Season 1 of "Everything Sucks!," a new Netflix original released on Feb. 16, places the audience in the world of the 90s. Despite it being 1996, characters participate in love, hate, sexuality, cliches, and awkward situations. People—old or young—can relate to and laugh at awkwardness, conflict, and love that Season 1 presents.

Set in Boring, Oregon, "Everything Sucks!" is anything but. Centered around the rivalry between A/V and Theater Club, Boring High School is filled to the brim with outrageous and comedic outbursts from characters. High schoolers are the main characters in the series, but the parents also give Comedic Relief during their adventures.

The High Schoolers

Emaline and Oliver—two theater kids who demand an audience 24/7—are portrayed as the antagonists through their consistent gossip spreading, “tattle-tale” offenses, and pranks against the A/V club.
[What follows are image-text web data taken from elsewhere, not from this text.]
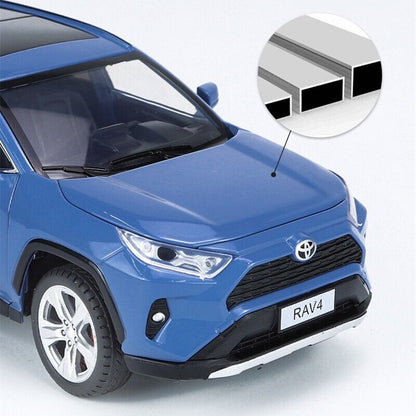 1:24 Toyota RAV4 SUV Diecast Model Cars Toy Off-road Vehicles Collection Gift
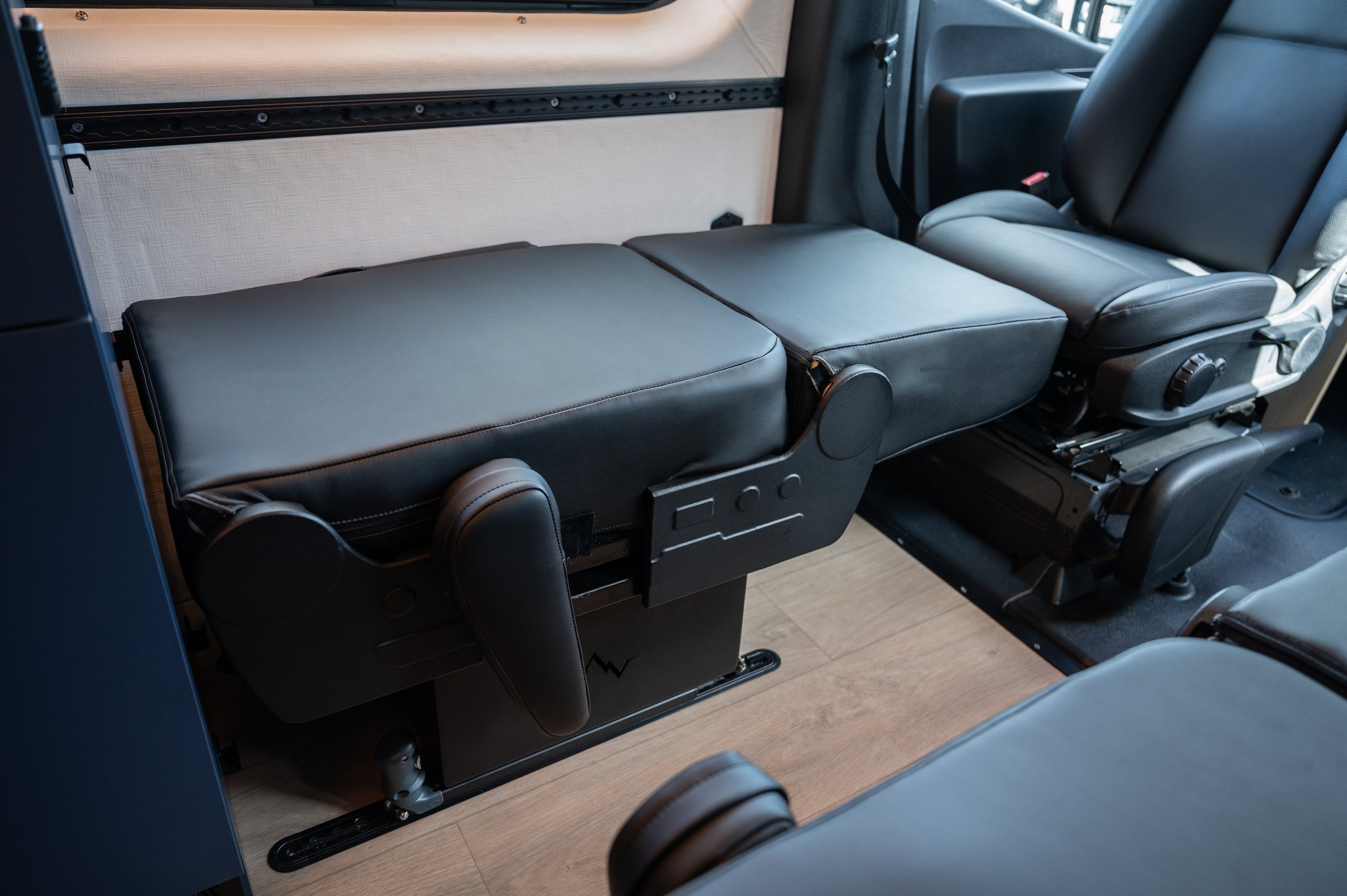 Dual-Fold Single Bench-To-Bed Seat - OVERLANDERS Outfitter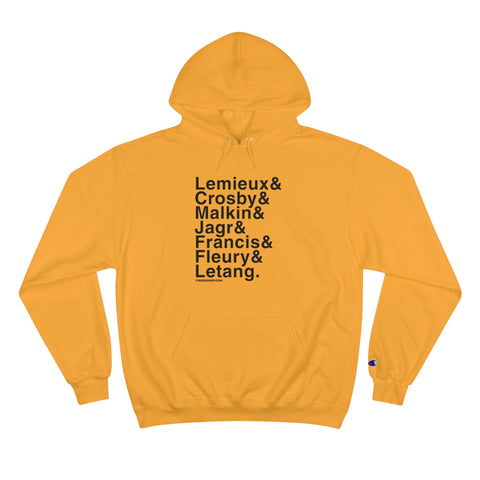 Famous Pittsburgh Penguins Ampersand - Champion Hoodie Hoodie Printify Gold S 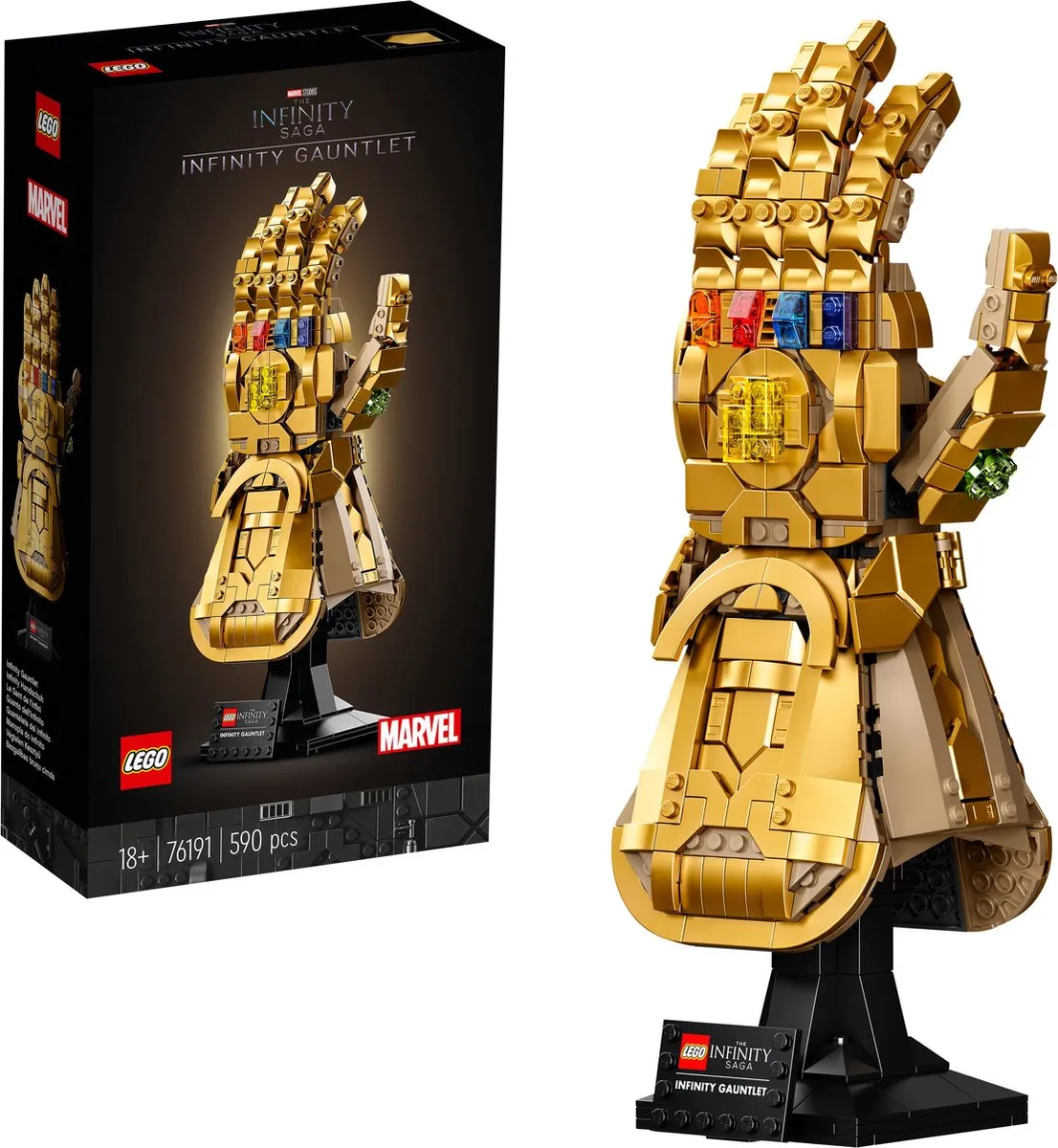 LEGO Marvel Infinity Gauntlet 76191 - 590 Stukken - Goud - afbeelding 2 van 6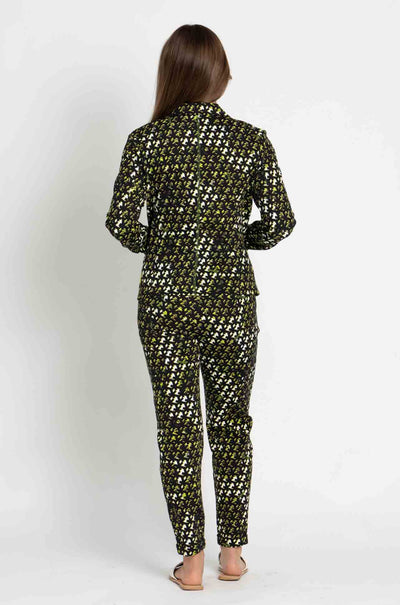 Marc Cain - Black/Fluro Print Logo Sports Pant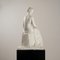 Gertrude Bret, Seated Woman, 1900s, Plaster Sculpture, Image 6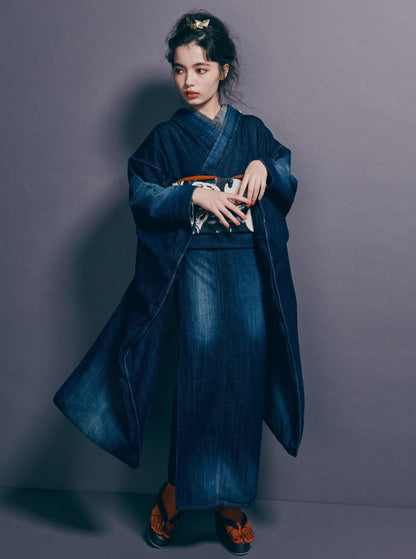 成人式振袖レンタル｜デニム1yr×蛇と髑髏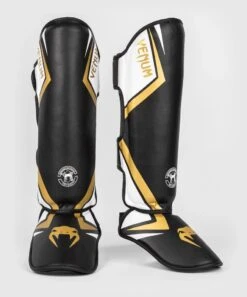 Venum Contender 2.0 Shin Guard Nero-Oro
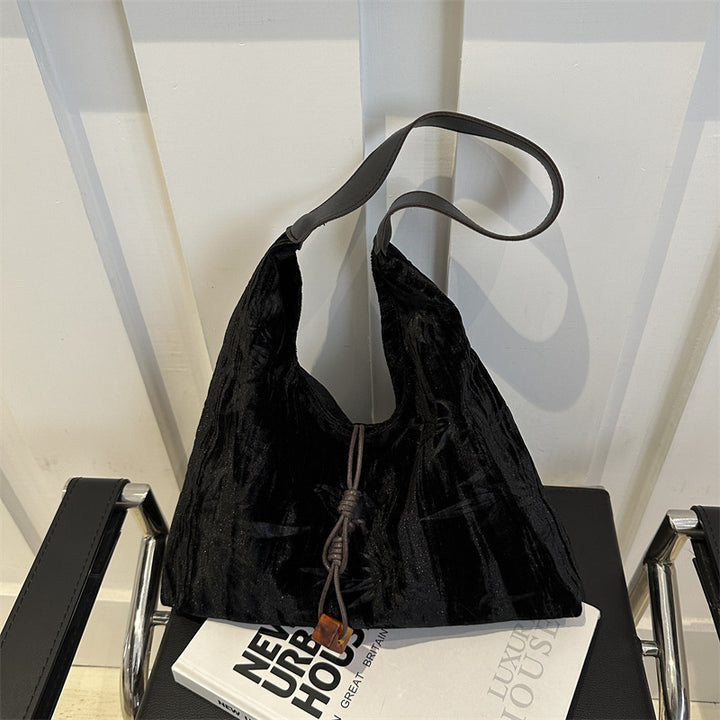 Vielseitige Samt Schultertasche Karnz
However, A/V club members Luke and Kate initiated a war between the two clubs after “accidentally” pulling a fire alarm that set off sprinklers—ruining the set of Theater Club’s fall production. With the set for Anton Chekhov’s Uncle Vanya drenched, the play was canceled.
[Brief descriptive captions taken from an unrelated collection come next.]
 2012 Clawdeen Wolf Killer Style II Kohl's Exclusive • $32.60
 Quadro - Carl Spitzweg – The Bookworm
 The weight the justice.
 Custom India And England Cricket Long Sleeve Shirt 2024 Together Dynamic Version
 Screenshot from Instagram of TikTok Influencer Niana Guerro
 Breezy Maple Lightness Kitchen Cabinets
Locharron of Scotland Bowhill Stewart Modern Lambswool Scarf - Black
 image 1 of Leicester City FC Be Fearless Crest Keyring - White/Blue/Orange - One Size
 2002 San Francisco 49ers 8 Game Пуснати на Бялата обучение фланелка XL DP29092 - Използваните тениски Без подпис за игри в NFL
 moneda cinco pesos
In order to stop the constant prank phone calls and tormenting from Theater Club, Luke and Kate propose they make a movie and screen it on campus instead. Ultimately, a new and strong bond is created between the clubs after the stress and pressures of creating the alien invasion movie.

The plot of "Everything Sucks!" is engaging, but the actors who play these characters often fall short. The actress Peyton Kennedy’s performance resembles that of Kristen Stewart—emotionless expressions. Despite Kennedy’s bland approach, it gives the character Kate a mysterious aura that accompanies her inner confusion regarding her sexual preference.
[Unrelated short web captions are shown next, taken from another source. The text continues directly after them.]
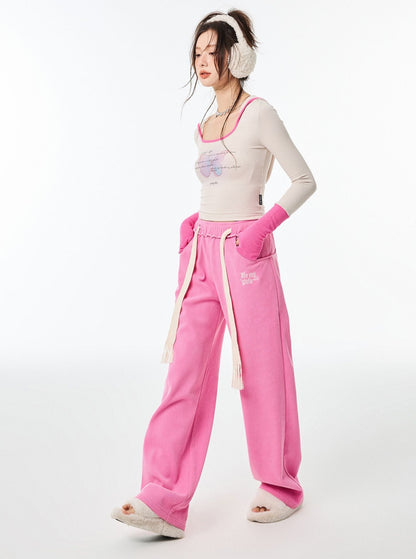 Casual High Waist Loose Pants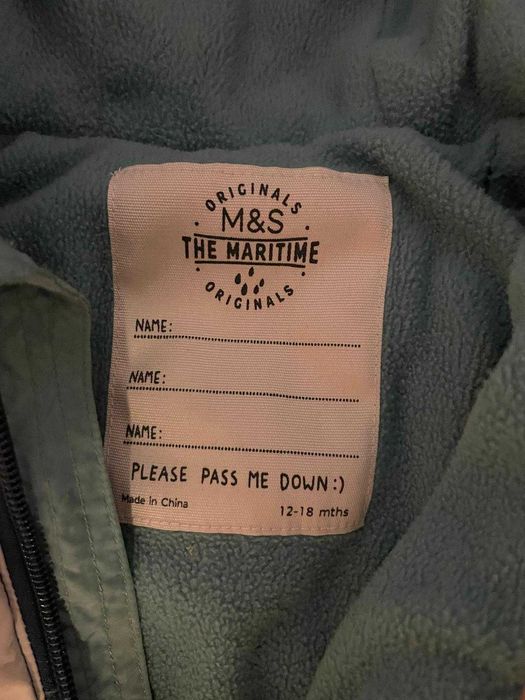Combinezon pentru iarna baietei M&S, marimea 78-83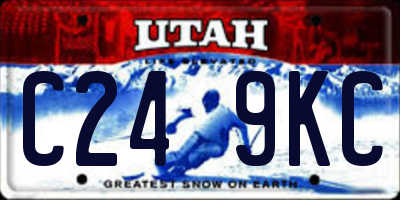 UT license plate C249KC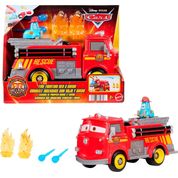 Caminhão dos Bombeiros Ruivo e Guido - Carros Disney Pixar - Race & Rescue - Mattel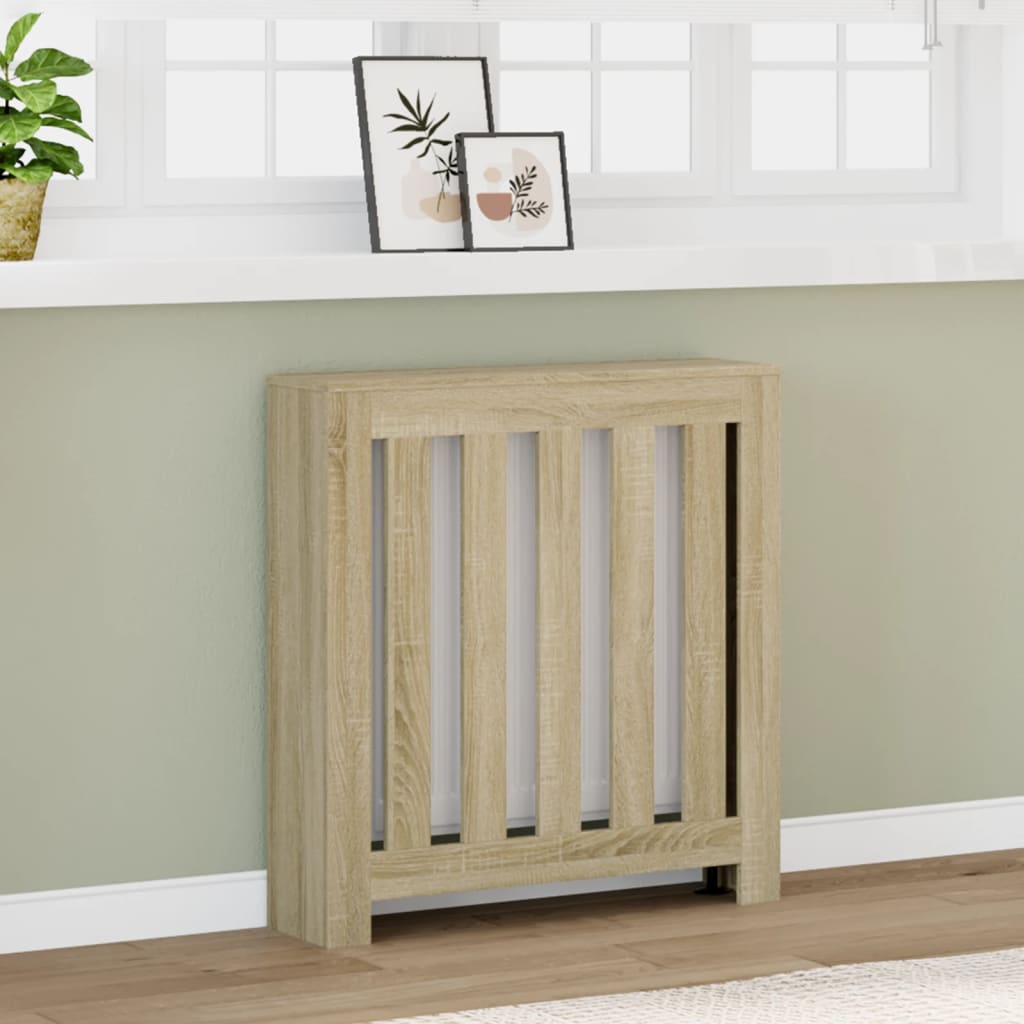 Radiatorombouw 78x20x82 cm bewerkt hout sonoma eikenkleurig - AllerleiShop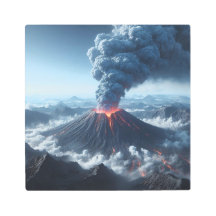 Fiery Fury: A Volcano's Wrath Unleashed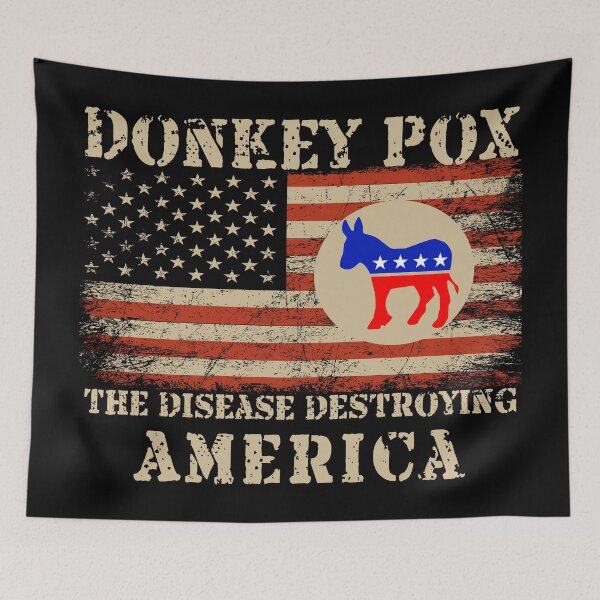 Item preview, Donkey Pox Shirt, Donkey Pox The Disease Destroying America, donkeypox t shirt, Funny Anti Biden designed and sold by UniqueStylistic.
Other actors and actresses exhibit a sort of inexperience but an inexperience that translates to the world presented in the series.

The Parents

Principal and father of Kate, Ken Messner falls in love with Luke’s mother, Sherry O'Neil. This relationship acts as a major comedic relief from the stress and drama involving the movie the kids are making.

The actors Patch Darragh and Claudine Mboligikpelani Nako provide an alternate perspective of parents—instead revealing a more intimate, vibrant and complicated one.

Between tee-peeing houses and smoking confiscated marijuana, Ken and Sherry raise hell in the small town of Boring.

By the end of Season 1, the song “Wonderwall” by Oasis will be rattling in your head along with a brief contentedness that is broken with a new, shocking development—Luke’s father. According to What’s on Netflix, a renewal date for "Everything Sucks!" has not been publicized but is imminent.